* [PROBLEM STATEMENT]:
As the answer, give exactly the lines of the records below from the one with "Right now the" through the one with "Stand facing the", ends included and pictures left out.

* [LISTED RECORDS]:
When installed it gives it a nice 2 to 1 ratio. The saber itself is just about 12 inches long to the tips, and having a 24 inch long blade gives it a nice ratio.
...
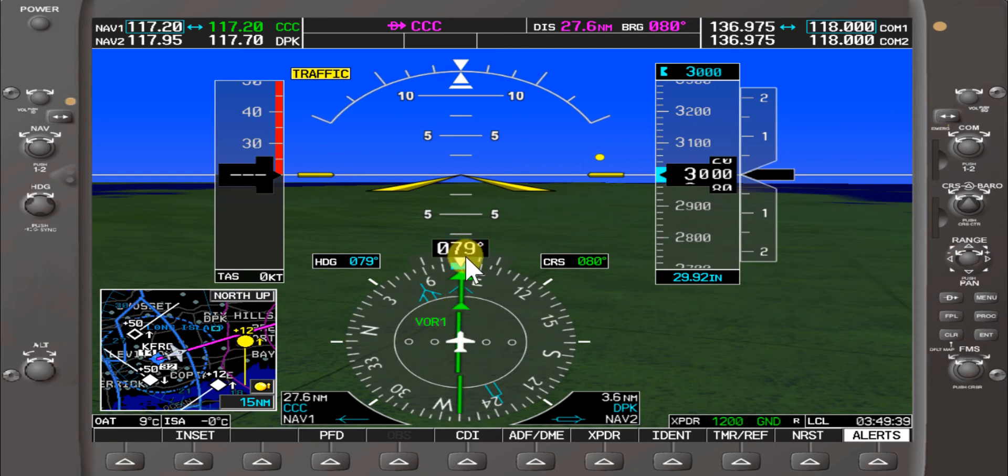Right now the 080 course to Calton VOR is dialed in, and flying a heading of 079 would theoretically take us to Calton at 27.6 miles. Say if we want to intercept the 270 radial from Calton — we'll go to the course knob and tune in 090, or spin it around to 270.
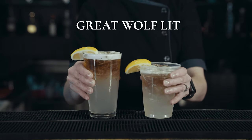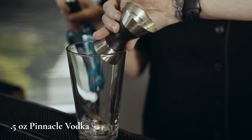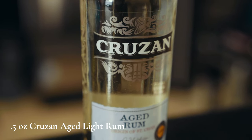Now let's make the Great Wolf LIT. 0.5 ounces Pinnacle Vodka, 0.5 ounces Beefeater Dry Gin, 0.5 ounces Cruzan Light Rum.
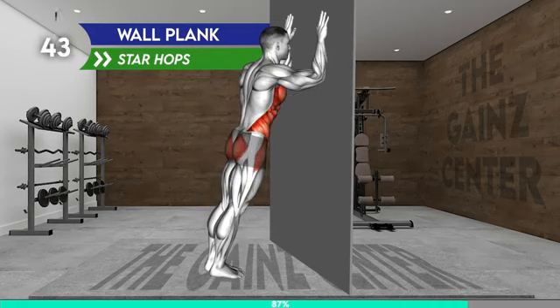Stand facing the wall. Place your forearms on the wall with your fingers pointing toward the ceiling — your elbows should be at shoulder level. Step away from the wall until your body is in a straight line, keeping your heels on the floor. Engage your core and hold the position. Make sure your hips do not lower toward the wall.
...
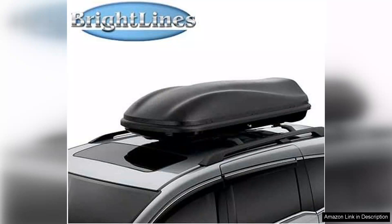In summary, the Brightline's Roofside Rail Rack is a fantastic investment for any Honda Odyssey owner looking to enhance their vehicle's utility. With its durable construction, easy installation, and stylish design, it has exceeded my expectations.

* [ANSWER TO THIS EXERCISE]:
Right now the 080 course to Calton VOR is dialed in, and flying a heading of 079 would theoretically take us to Calton at 27.6 miles. Say if we want to intercept the 270 radial from Calton — we'll go to the course knob and tune in 090, or spin it around to 270.
Now let's make the Great Wolf LIT. 0.5 ounces Pinnacle Vodka, 0.5 ounces Beefeater Dry Gin, 0.5 ounces Cruzan Light Rum.
Stand facing the wall. Place your forearms on the wall with your fingers pointing toward the ceiling — your elbows should be at shoulder level. Step away from the wall until your body is in a straight line, keeping your heels on the floor. Engage your core and hold the position. Make sure your hips do not lower toward the wall.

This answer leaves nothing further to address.